Background of the Research Project
In its first phase (2010-2012) the project focused on parliaments and human rights and had two broad aims. The first was to assess how, if at all, debate about human rights in the UK Parliament had changed over the 10-year period between the setting up of the UK’s first parliamentary human rights committee, the Joint Committee on Human Rights, in 2000 and the end of the 2005–10 Parliament in May 2010. The second was to assess whether and, if so, to what extent courts have considered parliamentary debates about human rights when deciding human rights compatibility issues previously considered by Parliament. This resulted in the production of a report (link here) containing the research findings, and the organisation of an international conference in April 2012 (link here), whose papers were revised and published in a 2015 book (link here).
In its present phase (from 2015 onwards) the project has broadened its focus to consider parliaments’ role in relation to the rule of law more widely, including human rights. It has evolved partly in response to the growing international consensus about the desirability of increasing the role of parliaments in upholding the rule of law and human rights, which has emerged over the last five years.
2015 International Conference
A high-level international conference (link here) was held in September 2015, at which participants from the UN Office of the High Commissioner for Human Rights, the Inter-Parliamentary Union, the Commonwealth Secretariat, the Westminster Foundation for Democracy, a number of Parliaments around the world including Parliaments in the Asia Pacific, Africa and Europe, inter-governmental organisations, non-governmental organisations and the academy, came together to discuss the importance of Parliament’s role in relation to the rule of law and human rights and agreed on the desirability of some internationally agreed principles and guidelines, while acknowledging that more work remains to be done on theirscope and content. There was a strong consensus amongst participants that Parliaments should play a greater role in the protection and realization of the rule of law and human rights, and many felt that the time has come to explore the potential for some internationally agreed principles and guidelines on the role of parliaments in this respect, drawing on the many examples of good practice that are now emerging across the world from a wide variety of parliaments.
UN Human Rights Council
Since the conclusion of the conference, the UN Human Rights Council has passed a resolution on the ‘Contribution of Parliaments to the work of the Human Rights Council and its universal periodic review’ (link here), acknowledging ‘the crucial role that parliaments play in translating international commitments into national policies and laws, and hence in contributing to the fulfilment by each State Member of the United Nations of its human rights obligations and commitments and to the strengthening of the rule of law’; and convening a Panel Discussion at its June 2016 session ‘to take stock of the contribution of parliaments to the work of the Council and its universal periodic review and to identify ways to enhance further that contribution.’ The Panel Discussion in the UN Human Rights Council in June 2016 will provide a welcome opportunity to identify some concrete ways of enhancing the role of parliaments in relation to the rule of law and human rights, and will be an opportunity for the Council to consider for the first time the desirability of distilling some principles and guidelines from current best practice.

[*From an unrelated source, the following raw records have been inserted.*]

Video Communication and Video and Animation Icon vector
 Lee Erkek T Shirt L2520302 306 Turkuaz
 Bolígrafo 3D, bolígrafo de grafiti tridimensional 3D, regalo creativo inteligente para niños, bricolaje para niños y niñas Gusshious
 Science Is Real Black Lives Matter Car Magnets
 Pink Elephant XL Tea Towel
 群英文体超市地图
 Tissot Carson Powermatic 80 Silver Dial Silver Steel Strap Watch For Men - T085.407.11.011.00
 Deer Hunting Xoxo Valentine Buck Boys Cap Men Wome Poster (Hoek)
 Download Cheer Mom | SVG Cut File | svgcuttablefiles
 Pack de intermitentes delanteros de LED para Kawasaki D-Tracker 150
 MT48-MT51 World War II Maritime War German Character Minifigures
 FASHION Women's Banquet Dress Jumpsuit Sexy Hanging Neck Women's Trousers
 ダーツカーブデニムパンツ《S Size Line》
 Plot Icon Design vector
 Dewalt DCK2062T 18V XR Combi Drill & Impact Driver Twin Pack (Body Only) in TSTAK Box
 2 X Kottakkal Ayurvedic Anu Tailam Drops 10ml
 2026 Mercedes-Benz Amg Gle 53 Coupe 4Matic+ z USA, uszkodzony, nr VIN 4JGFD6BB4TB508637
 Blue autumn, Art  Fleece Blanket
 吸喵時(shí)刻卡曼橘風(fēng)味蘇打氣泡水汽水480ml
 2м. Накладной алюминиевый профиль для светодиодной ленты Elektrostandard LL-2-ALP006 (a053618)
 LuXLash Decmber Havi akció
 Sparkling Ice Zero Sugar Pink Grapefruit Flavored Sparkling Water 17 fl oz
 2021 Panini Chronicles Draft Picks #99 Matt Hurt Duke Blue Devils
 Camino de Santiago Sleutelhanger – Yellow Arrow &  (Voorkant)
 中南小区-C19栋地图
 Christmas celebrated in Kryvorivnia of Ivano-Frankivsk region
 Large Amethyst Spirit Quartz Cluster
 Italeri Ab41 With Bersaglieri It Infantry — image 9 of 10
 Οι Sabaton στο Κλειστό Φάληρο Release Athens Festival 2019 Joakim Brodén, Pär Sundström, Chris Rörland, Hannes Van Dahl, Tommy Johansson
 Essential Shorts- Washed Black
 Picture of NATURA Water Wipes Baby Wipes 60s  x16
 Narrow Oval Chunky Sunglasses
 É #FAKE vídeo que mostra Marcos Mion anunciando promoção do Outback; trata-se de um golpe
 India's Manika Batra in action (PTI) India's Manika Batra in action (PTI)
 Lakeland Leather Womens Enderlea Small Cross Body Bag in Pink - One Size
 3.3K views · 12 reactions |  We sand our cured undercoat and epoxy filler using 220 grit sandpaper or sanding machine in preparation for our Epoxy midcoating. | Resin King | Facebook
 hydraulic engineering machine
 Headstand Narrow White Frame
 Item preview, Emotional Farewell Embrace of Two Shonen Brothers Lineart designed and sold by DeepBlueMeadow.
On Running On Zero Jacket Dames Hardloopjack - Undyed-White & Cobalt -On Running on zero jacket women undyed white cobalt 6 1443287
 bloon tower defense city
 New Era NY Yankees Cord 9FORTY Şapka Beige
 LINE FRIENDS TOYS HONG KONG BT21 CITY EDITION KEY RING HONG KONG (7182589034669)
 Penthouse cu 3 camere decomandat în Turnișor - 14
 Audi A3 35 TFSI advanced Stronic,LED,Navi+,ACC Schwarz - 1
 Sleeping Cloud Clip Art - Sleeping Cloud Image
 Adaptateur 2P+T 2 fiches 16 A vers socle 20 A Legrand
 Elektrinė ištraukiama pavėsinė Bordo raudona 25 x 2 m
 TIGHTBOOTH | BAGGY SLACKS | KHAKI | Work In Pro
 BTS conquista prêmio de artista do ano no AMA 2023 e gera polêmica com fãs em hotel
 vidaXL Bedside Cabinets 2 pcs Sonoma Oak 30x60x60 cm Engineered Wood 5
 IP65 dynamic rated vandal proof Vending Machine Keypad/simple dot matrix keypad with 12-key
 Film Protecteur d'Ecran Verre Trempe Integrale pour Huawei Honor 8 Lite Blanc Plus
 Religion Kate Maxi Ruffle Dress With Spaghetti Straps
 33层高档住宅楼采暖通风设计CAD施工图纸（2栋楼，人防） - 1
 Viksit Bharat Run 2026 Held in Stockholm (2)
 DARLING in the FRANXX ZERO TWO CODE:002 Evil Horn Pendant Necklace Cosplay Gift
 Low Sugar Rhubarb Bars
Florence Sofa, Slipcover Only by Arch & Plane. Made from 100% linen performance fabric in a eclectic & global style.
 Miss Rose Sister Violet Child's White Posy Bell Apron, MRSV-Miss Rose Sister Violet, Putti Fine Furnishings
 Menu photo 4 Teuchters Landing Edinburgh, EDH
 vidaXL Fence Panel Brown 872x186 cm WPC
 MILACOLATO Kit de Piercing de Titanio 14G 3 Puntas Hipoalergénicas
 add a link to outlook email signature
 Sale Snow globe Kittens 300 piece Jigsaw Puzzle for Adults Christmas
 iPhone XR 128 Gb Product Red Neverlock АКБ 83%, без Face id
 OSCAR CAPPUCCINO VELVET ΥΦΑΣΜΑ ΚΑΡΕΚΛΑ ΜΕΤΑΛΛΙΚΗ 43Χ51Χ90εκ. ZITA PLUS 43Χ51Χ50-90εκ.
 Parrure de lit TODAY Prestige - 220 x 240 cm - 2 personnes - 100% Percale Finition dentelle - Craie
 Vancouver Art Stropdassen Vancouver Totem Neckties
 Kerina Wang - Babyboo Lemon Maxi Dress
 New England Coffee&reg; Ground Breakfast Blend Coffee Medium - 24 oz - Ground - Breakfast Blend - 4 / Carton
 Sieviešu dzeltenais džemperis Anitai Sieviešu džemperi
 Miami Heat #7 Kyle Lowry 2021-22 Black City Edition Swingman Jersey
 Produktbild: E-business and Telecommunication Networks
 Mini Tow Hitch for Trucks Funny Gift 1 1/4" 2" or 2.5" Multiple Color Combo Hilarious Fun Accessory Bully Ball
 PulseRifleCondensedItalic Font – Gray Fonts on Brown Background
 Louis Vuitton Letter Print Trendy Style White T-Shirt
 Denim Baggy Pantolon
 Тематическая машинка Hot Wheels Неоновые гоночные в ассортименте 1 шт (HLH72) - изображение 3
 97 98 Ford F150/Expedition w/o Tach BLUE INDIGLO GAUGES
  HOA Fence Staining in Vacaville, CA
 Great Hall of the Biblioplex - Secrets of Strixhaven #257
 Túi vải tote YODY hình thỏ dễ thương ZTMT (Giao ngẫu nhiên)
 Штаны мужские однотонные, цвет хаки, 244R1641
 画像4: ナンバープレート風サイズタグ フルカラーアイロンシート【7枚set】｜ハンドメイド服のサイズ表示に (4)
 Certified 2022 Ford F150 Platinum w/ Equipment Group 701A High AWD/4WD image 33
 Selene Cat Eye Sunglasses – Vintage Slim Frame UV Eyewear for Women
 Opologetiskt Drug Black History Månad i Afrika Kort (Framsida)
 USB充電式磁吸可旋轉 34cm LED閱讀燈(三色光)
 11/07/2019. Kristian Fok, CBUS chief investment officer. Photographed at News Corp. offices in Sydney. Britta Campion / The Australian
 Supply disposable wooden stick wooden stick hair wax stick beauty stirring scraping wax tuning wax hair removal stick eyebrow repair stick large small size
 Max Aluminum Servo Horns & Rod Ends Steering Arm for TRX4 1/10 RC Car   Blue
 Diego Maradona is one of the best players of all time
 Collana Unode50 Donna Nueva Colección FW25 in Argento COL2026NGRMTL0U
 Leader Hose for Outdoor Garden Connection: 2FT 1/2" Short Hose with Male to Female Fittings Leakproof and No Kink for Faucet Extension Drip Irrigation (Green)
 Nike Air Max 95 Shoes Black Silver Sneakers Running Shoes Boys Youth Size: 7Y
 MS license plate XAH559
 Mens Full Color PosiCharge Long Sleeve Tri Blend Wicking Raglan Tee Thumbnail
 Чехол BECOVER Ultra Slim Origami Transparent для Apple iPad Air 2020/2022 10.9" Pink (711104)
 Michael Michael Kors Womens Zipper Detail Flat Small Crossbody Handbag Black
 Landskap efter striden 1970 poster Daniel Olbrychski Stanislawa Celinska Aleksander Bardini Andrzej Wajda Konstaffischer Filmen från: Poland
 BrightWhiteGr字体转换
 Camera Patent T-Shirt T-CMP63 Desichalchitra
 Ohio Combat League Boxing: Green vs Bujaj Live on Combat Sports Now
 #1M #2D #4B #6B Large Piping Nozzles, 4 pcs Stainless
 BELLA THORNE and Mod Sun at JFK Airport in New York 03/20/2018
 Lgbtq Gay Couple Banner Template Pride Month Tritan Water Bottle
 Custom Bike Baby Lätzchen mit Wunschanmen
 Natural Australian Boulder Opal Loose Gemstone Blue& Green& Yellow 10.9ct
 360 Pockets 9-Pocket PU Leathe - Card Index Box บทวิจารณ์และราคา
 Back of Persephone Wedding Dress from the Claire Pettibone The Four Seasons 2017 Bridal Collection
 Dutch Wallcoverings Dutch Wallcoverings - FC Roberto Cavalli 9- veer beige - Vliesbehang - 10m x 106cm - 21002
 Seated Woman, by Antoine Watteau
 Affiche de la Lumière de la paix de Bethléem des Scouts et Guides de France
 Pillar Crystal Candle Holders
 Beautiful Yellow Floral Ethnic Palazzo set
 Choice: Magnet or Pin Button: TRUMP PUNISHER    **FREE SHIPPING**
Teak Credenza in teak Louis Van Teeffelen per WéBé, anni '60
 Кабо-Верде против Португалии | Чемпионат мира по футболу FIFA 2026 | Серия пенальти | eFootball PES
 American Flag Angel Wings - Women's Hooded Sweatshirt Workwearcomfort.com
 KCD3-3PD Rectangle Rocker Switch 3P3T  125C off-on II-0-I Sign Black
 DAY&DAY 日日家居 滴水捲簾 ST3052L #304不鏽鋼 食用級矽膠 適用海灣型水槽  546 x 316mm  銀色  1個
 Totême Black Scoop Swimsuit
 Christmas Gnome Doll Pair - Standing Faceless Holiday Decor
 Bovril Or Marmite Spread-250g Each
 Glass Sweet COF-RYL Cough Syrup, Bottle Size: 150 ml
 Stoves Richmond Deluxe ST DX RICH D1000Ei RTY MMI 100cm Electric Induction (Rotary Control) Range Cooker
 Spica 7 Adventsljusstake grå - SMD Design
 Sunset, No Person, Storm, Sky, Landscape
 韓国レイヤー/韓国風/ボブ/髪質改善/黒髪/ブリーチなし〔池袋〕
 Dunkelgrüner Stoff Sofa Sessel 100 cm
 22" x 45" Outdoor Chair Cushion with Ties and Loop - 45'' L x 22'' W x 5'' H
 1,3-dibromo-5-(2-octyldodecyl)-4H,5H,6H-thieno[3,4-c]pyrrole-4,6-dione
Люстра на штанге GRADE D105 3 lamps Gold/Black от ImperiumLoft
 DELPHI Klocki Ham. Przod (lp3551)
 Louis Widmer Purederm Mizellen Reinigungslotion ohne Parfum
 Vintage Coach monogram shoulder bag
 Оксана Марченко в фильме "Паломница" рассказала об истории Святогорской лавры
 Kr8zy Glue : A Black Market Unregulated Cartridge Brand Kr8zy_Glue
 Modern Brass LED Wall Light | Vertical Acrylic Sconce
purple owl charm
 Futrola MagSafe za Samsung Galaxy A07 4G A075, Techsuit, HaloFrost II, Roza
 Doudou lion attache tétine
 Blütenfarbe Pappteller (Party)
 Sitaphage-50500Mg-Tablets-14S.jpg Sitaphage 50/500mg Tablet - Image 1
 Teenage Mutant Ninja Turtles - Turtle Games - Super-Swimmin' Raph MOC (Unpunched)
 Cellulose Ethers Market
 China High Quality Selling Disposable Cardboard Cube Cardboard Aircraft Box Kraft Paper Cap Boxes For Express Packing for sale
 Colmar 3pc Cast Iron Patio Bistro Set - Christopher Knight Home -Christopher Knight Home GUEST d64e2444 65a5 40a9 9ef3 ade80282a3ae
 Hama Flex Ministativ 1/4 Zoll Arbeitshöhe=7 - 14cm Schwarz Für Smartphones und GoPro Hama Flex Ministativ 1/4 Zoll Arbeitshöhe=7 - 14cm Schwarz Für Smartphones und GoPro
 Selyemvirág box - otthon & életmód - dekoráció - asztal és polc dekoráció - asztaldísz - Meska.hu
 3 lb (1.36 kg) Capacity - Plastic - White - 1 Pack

The research project aims to contribute to the Panel Discussion by helping to create a coherent narrative of the otherwise disparate developments taking place in many countries and regions of the world. By bringing together these developments, and the people working on them, around a hub for related resources and links, the project aims to demonstrate that there is a significant worldwide movement towards democratising the rule of law and human rights, and to provide a framework within which these developments can acquire more theoretical coherence and practical momentum.